Given information:
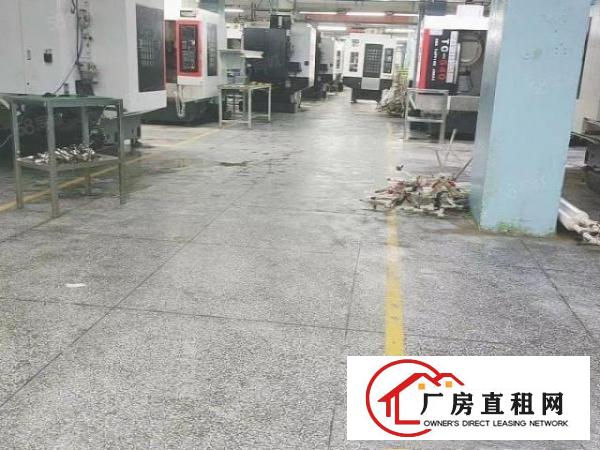  大朗镇工业园内新出一楼1000平，水电齐全可办环评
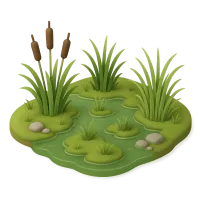 Marsh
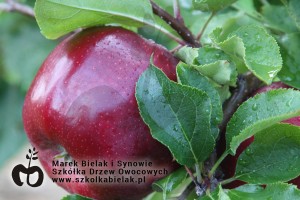 Red Jonaprince Select- mutant odmiany Jonagold o bardziej stabilnych cechach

Exercise details: Copy all of the material word for word, and include none of its pictures.

Result:
  大朗镇工业园内新出一楼1000平，水电齐全可办环评
 Marsh
 Red Jonaprince Select- mutant odmiany Jonagold o bardziej stabilnych cechach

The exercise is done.